▶ _STUDY MATERIAL_:
——————
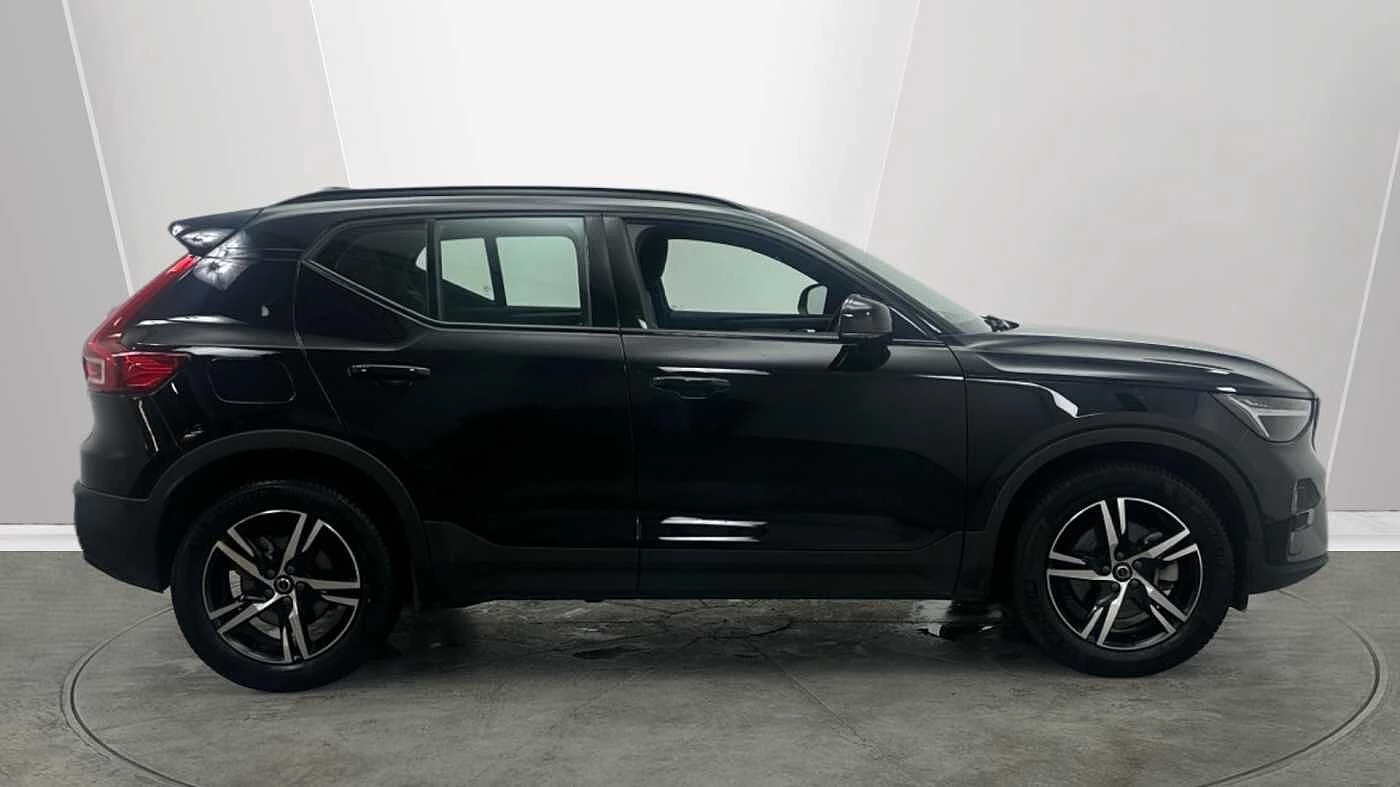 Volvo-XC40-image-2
——————
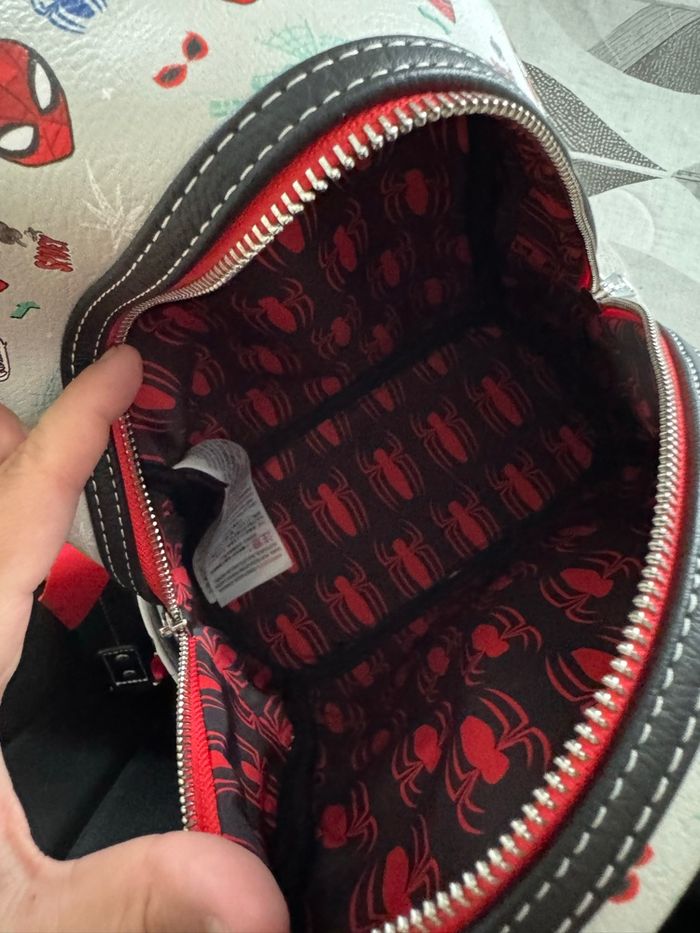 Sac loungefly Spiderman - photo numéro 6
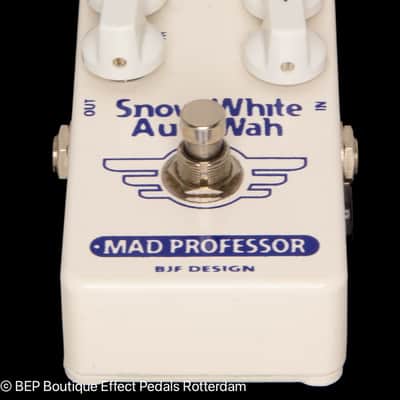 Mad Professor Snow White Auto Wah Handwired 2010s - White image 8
——————
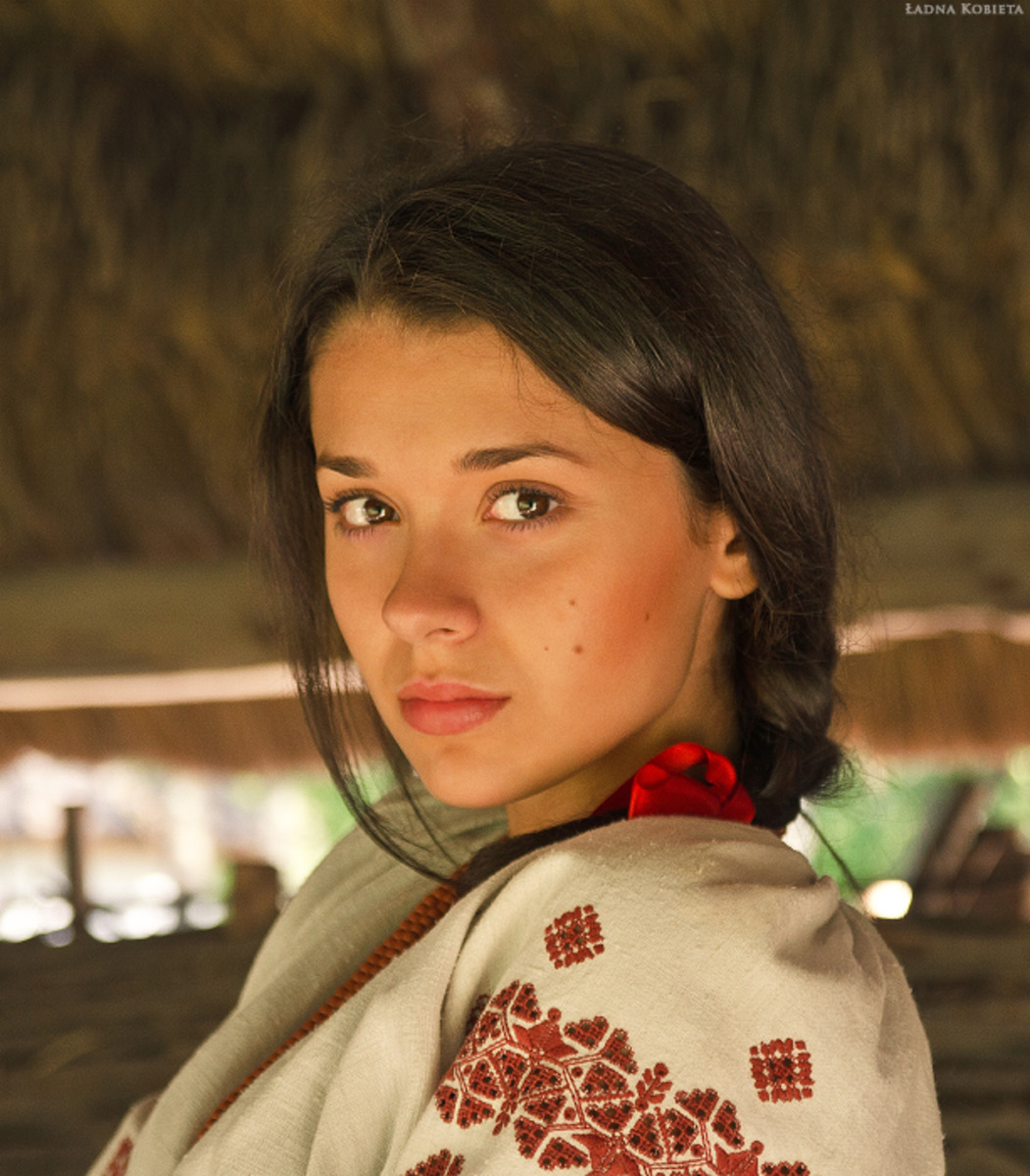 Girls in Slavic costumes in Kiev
——————
▶ _PROMPT_: Look through the listing above for the line with "Sac loungefly Spiderman - photo numéro 6" and the line with "Mad Professor Snow". Write out exactly those lines and everything between, leaving out pictures.

▶ _RESPONSE FOR THIS EXERCISE_:
 Sac loungefly Spiderman - photo numéro 6
 Mad Professor Snow White Auto Wah Handwired 2010s - White image 8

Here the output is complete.